Prince (Protégé) Summer: The Graffiti Bridge Era

Graffiti Bridge

When Dystopian Dance Party recorded our Prince spinoff podcast earlier this summer, we talked about how the glory days of the Prince protégé were pretty much over after 1987. As we’ve seen in this series so far, the half-life for Prince’s side projects seemed to have been about three albums, max; after that, either he started to lose interest, or his charges began to bristle under their lack of creative control. There was also the practical matter of Prince’s commercial decline in the latter half of the decade. While 1987’s Sign “O” the Times and 1988‘s Lovesexy were both incredibly strong albums, they fell short of sales expectations; The Black Album, meanwhile, was infamously scrapped at the eleventh hour before release. Prince still recorded for other artists in the late 1980s, but not with the same svengali-like approach he’d taken in the earlier part of the decade; his few attempts at traditional “protégé” albums, such as the aforementioned follow-up records by Sheila E. and Jill Jones, the Time‘s Corporate World, and a solo debut for dancer Cat Glover, remained in the proverbial vault.

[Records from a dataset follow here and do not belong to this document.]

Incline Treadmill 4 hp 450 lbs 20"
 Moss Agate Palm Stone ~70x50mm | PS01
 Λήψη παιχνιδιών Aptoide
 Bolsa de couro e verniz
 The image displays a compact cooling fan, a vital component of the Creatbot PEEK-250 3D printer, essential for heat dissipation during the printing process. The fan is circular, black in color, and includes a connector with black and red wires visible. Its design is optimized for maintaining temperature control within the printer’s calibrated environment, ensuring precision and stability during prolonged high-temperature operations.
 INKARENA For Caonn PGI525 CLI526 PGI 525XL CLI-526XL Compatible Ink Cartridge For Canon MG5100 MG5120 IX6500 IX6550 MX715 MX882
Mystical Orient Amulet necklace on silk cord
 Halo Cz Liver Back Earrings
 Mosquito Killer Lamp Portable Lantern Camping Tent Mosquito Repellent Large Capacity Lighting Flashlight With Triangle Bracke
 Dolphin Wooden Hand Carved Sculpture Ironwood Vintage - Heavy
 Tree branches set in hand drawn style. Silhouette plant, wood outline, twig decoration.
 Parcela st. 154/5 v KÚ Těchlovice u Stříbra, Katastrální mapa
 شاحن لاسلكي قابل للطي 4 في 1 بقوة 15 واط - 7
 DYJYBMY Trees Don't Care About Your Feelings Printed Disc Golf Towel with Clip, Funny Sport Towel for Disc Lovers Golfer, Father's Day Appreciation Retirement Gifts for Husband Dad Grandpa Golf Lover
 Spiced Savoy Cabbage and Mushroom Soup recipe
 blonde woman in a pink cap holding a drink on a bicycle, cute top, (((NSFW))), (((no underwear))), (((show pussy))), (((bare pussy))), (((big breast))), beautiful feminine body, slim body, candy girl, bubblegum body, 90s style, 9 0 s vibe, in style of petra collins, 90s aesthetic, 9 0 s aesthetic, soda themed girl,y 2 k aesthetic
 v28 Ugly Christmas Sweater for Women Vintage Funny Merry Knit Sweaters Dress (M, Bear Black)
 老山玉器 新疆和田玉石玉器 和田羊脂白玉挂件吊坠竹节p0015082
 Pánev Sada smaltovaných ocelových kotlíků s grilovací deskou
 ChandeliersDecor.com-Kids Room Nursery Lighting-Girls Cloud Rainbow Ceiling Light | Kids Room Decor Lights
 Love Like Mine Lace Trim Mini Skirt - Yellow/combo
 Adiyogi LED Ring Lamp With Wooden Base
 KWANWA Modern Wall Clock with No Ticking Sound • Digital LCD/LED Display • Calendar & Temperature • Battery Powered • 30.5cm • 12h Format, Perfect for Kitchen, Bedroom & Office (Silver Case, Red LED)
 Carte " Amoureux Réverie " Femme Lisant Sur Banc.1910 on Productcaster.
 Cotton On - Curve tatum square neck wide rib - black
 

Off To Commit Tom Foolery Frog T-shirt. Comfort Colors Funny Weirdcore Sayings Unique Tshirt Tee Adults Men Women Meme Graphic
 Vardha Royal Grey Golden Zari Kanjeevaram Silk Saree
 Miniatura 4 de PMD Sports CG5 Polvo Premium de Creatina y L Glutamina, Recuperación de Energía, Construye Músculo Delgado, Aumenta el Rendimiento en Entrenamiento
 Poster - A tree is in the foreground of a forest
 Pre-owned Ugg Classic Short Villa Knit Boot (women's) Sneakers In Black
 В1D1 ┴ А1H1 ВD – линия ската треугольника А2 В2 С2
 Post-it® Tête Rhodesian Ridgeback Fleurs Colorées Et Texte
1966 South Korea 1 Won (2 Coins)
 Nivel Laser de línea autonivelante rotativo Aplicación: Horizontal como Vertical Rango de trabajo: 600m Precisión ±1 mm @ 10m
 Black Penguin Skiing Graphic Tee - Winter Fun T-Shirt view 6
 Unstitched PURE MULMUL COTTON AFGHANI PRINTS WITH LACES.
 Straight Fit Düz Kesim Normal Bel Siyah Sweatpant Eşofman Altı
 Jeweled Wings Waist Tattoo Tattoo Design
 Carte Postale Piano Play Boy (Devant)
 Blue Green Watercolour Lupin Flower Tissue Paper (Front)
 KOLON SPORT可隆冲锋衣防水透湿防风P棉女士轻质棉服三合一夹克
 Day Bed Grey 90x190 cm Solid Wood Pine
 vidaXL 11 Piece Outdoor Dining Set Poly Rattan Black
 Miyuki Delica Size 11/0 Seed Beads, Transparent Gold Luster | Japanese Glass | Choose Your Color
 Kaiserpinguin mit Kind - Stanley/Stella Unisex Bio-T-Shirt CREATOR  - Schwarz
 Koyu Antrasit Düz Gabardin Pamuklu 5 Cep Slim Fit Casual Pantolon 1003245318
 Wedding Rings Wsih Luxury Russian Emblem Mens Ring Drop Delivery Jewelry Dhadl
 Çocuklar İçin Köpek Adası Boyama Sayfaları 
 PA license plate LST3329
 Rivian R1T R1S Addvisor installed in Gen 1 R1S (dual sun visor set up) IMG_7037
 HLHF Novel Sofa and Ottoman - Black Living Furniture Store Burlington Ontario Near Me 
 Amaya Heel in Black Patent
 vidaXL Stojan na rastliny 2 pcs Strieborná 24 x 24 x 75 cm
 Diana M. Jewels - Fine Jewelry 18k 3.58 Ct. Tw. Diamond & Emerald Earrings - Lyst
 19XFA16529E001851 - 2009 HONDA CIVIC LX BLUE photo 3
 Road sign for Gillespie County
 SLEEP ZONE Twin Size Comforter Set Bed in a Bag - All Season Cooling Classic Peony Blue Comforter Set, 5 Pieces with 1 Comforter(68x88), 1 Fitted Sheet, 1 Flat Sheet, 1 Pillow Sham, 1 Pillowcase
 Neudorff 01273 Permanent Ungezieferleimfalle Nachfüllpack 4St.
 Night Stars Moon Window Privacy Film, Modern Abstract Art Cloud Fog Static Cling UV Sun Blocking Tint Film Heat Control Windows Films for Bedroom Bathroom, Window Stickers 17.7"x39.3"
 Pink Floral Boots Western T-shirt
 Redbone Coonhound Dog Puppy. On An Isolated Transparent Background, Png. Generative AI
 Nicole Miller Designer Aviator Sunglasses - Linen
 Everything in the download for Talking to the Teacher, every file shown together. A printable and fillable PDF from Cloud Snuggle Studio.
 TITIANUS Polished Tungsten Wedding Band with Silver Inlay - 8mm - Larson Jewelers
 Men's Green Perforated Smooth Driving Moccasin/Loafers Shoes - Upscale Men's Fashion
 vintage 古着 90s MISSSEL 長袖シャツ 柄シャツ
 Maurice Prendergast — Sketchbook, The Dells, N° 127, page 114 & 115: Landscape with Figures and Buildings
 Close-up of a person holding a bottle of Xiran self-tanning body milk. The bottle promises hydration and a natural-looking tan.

By 1990, however, Prince was ready to try his hand once again at the idolmaking game. The hit soundtrack for 1989’s Batman had returned him to a state of financial solvency, and his new film and soundtrack project, Graffiti Bridge, was an attempt to aim for the mainstream–a sequel to Purple Rain, at that! So, just as he had with his feature debut, Prince filled the film with a stable of peripheral talent: including the breakout stars from the previous movie, Morris Day and the Time. In addition, much like early configurations of Purple Rain‘s soundtrack, about half of the accompanying album was devoted to tracks from the film’s guest stars. The problem was that Graffiti Bridge wasn’t Purple Rain, and Prince’s 1990-era side projects were a far cry from their 1984 equivalents.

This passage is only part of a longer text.